Orang beriman, memiliki ilmu umum dan agama yang cukup, ia melakukan shalat apa masih bisa juga melakukan tindak korupsi? Ya, sebagaimana kita pahami bersama bahwa iman itu fluktuatif, naik-turun, kuat-lemah menjadi satu siklus. Disaat turun dan lemah itulah iman bisa makin terkikis hingga habis, atau hilang sementara tertutup nafsu dan keserakahan sehingga bisa jadi ia korupsi. Ketika iman menguat, kesadaran meningkat barulah penyesalan yang terjadi.

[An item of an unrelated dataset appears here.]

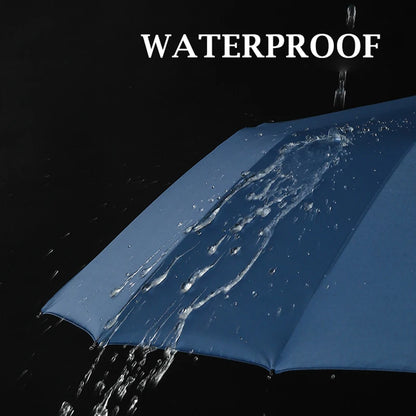 Parapluie pliant entièrement automatique à 16 baleines pour homme et femme, grand, résistant, résistant aux UV, de luxe, pour les affaires, coupe-vent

Namun bisa saja seorang yang memiliki landasan ilmu agama ia gunakan sebagai sandaran, dengan segenap keyakinan ia gunakan kemahabaikan Tuhan sebagaimana dalam Surat Az-Zumar Ayat 53 artinya "Sesungguhnya Allah mengampuni dosa semuanya. Sesungguhnya Dialah Yang Maha Pengampun lagi Maha Penyayang." Ia yakinkan diri bahwa dosa sebesar apapun akan Tuhan ampuni, mungkin mereka berharap setelah melakukan dosa, termasuk korupsi ia akan bertaubat. Keyakinan itu tentu tidak salah, benar bahwa Allah tidak meningkari janji-Nya, tapi kelihatannya ada yang terlupakan bahwa dosa spiritual (antara hamba dengan Tuhannya) tidak sama perlakuannya dengan dosa yang ada kaitan sosial.

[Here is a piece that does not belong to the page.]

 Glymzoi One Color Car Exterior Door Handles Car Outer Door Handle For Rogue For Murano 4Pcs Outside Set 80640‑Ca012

Seperti peringatan Nabi yang diriwayatkan oleh Abu Hurairah berkata, telah bersabda Rasulullah SAW, “Barangsiapa pernah melakukan kedzaliman terhadap saudaranya, baik menyangkut kehormatannya atau sesuatu yang lain, maka hendaklah ia minta dihalalkan darinya hari ini, sebelum dinar dan dirham tidak berguna lagi (hari kiamat). (Kelak) jika dia memiliki amal shaleh, akan diambil darinya seukuran kedzalimannya. Dan jika dia tidak mempunyai kebaikan (lagi), akan diambil dari keburukan saudara (yang dizalimi) kemudian dibenankan kepadanya." (HR Al-Bukhari).

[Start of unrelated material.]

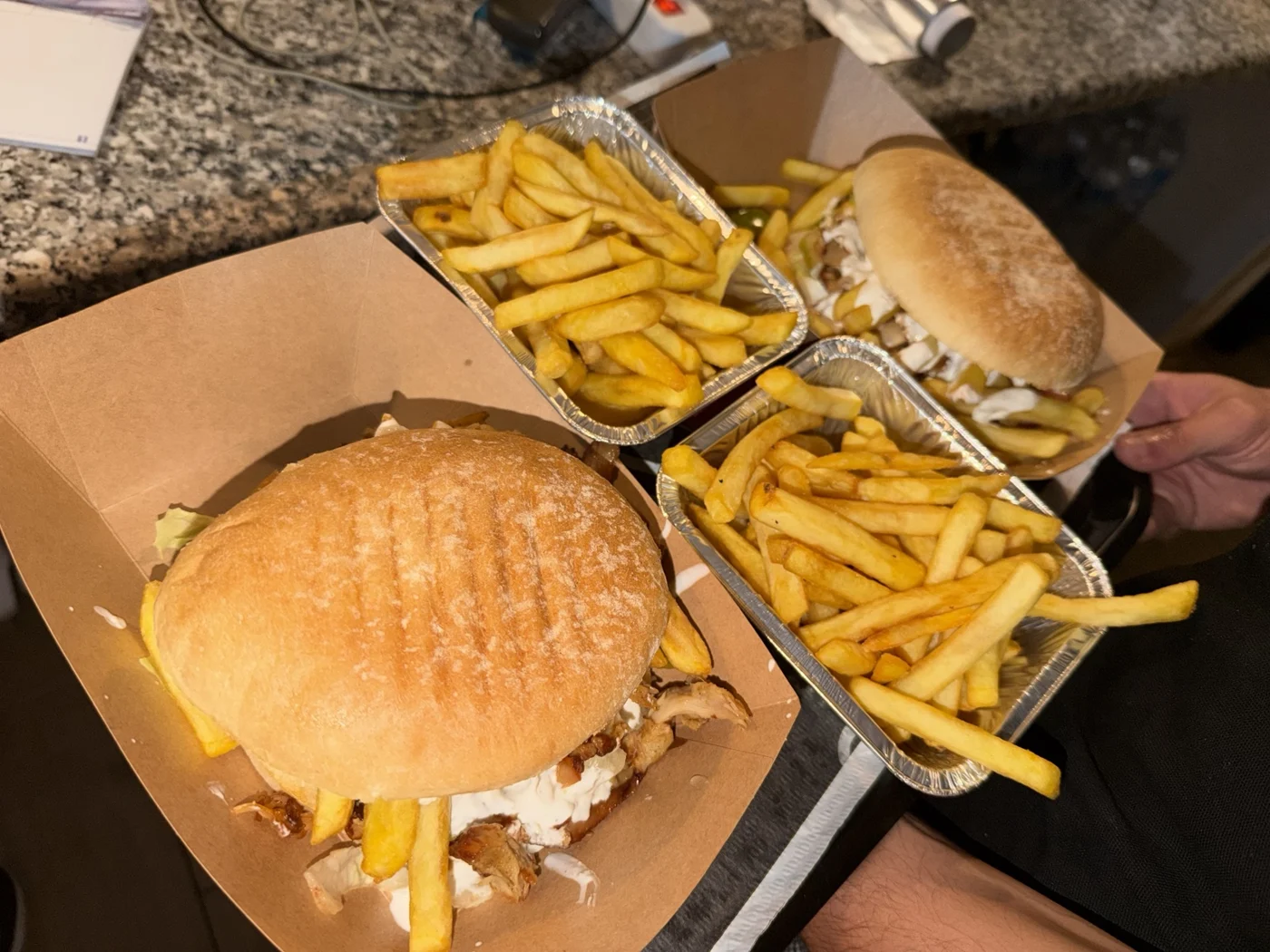 Panini e patatine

Hadits di atas, bahwa karena dosa dengan sesama seorang pendosa tidak dimaafkan kecuali korban atau orang yang dirugikan memberi maaf. Memang dimungkinkan sebagian orang yang menjadi korban dari perbuatan dzalim kita akan memberi maaf. Namun, ada kemungkinan juga dia tidak memaafkan. Mereka simpan kebencian dan kemarahan dalam hatinya. Kalau itu yang terjadi, dosa tetap tersandang dalam diri si Pelaku. Pilihan jalan yang aman adalah dengan proaktif, yaitu meminta maaf, hal ini akan menjamin kepastian dihapuskannya dosa. Meminta maaf merupakan salah satu bentuk kerendahhatian (tawadhu’) pribadi dan juga merupakan salah satu bentuk keberanian mengakui kesalahan, penyesalan dan keseriusan mohon ampunan.
Nah, bagaimana jika dosa karena korupsi, siapa yang dirugikan atau disakiti? Adalah semua warga negara yang ada bahkan generasi berikutnya. Lalu bagaimana seorang koruptor bisa meminta maaf kepada seluruh rakyat dalam suatu negara? Melalui media sosiallah, mungkin dianggap begitu solusinya. Tapi, apakah setiap warga terjangkau medsos? Kalaupun terjangkau apakah semua akan memberi maaf? Jika ada yang tidak memaafkan, maka jangan harap mendapat ampunan Tuhan.
Kembali kita memperhatikan pesan Nabi di atas, untuk menghapus perbuatan hina, yang memalukan atau perbuatan yang menyakiti dan/atau merugikan orang lain menghapus adalah dengan jalan sosial (meminta maaf kepada orang lain) dan spiritual (bertaubat kepada Tuhan). Kemudian ditutup dengan perbuatan baik kepada sesama dan tentu juga berbuat baik kepada Tuhannya.
Semoga kita diberikan bimbingan untuk mempertahankan iman, sehingga bisa terhindar dari dosa sosial maupun spiritual, aamiin.